LANSING, Mich. (AP) -- The Republican-controlled Michigan House approved a $49 billion spending plan on Tuesday that would put $15.1 billion toward education and boost funding for state universities, community colleges and public schools, but possibly halt the implementation of new learning standards in public schools.
The budget bills for fiscal year starting Oct. 1 now head to the Senate for final approval before they head to Republican Gov. Rick Snyder.
Some House Democrats attacked the spending plan, saying it didn't do enough to correct past cuts to the state's education system and could hurt Michigan students by putting funding for the Common Core State Standards at risk.
"This budget is only passable — and I mean acceptable — if you buy into the concept or the new paradigm that the Snyder administration has put in that we should have diminished expectations for public school funding," said Democratic Rep. Brandon Dillon of Grand Rapids.
Under the plan, Michigan's 15 public universities would receive about $31.1 million or 2 percent more in overall funding next fiscal year but would be expected to keep tuition rate increases at or below 3.75 percent to get some money that is tied to performance, such as the number of completed degrees.
Republican Rep. Al Pscholka of Stevensville said restraining tuition increases will help make college education more affordable, "which is good for students and families."
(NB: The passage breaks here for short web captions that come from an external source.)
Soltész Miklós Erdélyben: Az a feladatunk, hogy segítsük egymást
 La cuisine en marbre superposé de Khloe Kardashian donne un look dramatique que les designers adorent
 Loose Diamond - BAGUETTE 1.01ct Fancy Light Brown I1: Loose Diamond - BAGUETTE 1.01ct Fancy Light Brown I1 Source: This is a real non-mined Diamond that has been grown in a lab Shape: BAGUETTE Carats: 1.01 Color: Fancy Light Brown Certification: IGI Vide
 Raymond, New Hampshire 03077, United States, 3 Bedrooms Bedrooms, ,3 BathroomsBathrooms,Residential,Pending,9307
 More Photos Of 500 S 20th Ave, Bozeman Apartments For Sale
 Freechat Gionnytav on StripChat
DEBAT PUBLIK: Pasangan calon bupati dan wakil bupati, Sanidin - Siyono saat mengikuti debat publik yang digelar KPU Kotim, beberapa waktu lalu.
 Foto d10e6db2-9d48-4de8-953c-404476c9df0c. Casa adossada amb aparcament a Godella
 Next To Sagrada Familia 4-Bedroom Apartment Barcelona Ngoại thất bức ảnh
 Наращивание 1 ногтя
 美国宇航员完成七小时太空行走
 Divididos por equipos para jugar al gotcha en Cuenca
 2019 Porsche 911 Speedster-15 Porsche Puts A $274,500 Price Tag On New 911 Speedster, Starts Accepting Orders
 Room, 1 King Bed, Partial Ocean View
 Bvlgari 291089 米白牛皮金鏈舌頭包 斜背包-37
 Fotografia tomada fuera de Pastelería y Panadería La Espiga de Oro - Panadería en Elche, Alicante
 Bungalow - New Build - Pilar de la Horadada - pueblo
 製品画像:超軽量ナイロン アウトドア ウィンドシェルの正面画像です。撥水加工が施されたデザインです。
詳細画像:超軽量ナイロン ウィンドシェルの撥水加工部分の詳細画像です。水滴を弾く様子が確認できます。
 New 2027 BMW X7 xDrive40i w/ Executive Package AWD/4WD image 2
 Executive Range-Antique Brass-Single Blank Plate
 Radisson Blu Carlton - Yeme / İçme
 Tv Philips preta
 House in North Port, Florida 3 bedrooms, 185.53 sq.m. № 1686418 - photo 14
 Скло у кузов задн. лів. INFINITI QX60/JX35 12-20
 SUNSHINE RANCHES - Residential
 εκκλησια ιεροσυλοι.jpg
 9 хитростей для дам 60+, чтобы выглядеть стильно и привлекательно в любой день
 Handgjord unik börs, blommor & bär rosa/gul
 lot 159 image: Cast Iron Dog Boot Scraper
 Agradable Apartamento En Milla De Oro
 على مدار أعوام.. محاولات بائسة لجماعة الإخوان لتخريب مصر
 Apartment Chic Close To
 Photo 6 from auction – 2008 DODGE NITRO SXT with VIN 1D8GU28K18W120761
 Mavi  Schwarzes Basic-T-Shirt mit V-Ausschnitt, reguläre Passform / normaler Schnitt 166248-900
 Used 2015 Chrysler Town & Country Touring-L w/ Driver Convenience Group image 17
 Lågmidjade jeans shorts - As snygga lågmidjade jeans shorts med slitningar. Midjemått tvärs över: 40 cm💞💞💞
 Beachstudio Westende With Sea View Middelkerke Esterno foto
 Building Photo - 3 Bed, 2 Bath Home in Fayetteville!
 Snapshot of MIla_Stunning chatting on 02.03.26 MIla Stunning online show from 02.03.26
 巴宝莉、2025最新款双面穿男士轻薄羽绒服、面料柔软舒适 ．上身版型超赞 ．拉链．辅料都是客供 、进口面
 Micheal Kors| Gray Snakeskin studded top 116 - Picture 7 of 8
Michigan's public schools would get slightly more than 3 percent more in overall funding next year, including $140 million from a pot of nearly $700 million in extra funding that the state has thanks to better-than-expected tax collections.
School districts that now get the minimum amount of state aid could get as much as $60 more per student, raising the per-pupil grant from $6,966 to $7,026. The actual amount each district gets is determined by a number of factors, including whether a district meets "best practices" incentives, such as providing online learning opportunities for students. But the budget includes $6 million to ensure that all districts see at least a $5 per-pupil boost.
Republicans touted the increase in education funding, but Democratic Rep. Sam Singh of East Lansing said the state's universities are still worse off than where they were before the state cut their funding cut by 15 percent in 2011. Singh criticized the Legislature for not putting any of the surplus money toward higher education institutions, the "economic engines of our communities and our state."
Meanwhile, language included in Department of Education budget that was passed Tuesday would require the Legislature to affirm the Common Core State Standards — benchmarks in reading, writing and math currently being adopted in Michigan's schools — and the assessment that goes along with them or the department could use any funding to implement the standards.
The standards were developed by the National Governors Association and Council of Chief State School Officers and are backed by Snyder's administration. They aim to provide clear goals for teachers and allow for educational cooperation and comparison among states. But some Michigan lawmakers say they strip away local control of the state's educational system.
State Superintendent Mike Flanagan attacked the budget proposal, calling it a "legislative mandate to go backwards."
"When will they stop playing politics with our children's education?" Flanagan said in a statement. "Thoughtful improvements to education must be protected from partisan and self-serving politics, where adults should be more concerned about student needs rather than their own."
But House Republicans said the Legislature needs to take a breath before rushing into the new learning benchmarks.
"The education of Michigan's kids deserves the Legislature taking time to evaluate accountability standards," Ari Adler, spokesman for House Speaker Jase Bolger, said in an email. He said the Legislature will have plenty of time to act before the funding change takes place Oct. 1.
Other highlights in the spending plan approved Tuesday include:
— MEDICAID EXPANSION: The budget does not include expanding Medicaid to low-income Michigan residents, but that doesn't mean the expansion is off the table yet. Lawmakers are still considering a proposal to cap benefits for able-bodied adults at 48 months and funding for the expansion could be added to the budget later.
— EARLY CHILDHOOD: A preschool program for 4-year-olds at risk of failing will get a $65 million boost next fiscal year, which Snyder had called for in his budget proposal in February.
— REVENUE SHARING: County revenue sharing would increase by more than $12 million or about 4.8 percent. The Michigan Municipal League said the funding boost begins the process of restoring more than a decade of cuts to local revenue sharing, totaling more than $6 billion in the last 12 years.
— FILM INCENTIVES: The state's film incentive program will remain capped at $50 million. Snyder had proposed reducing the cap to $25 million next fiscal year, but lawmakers worked to keep it at its current funding level.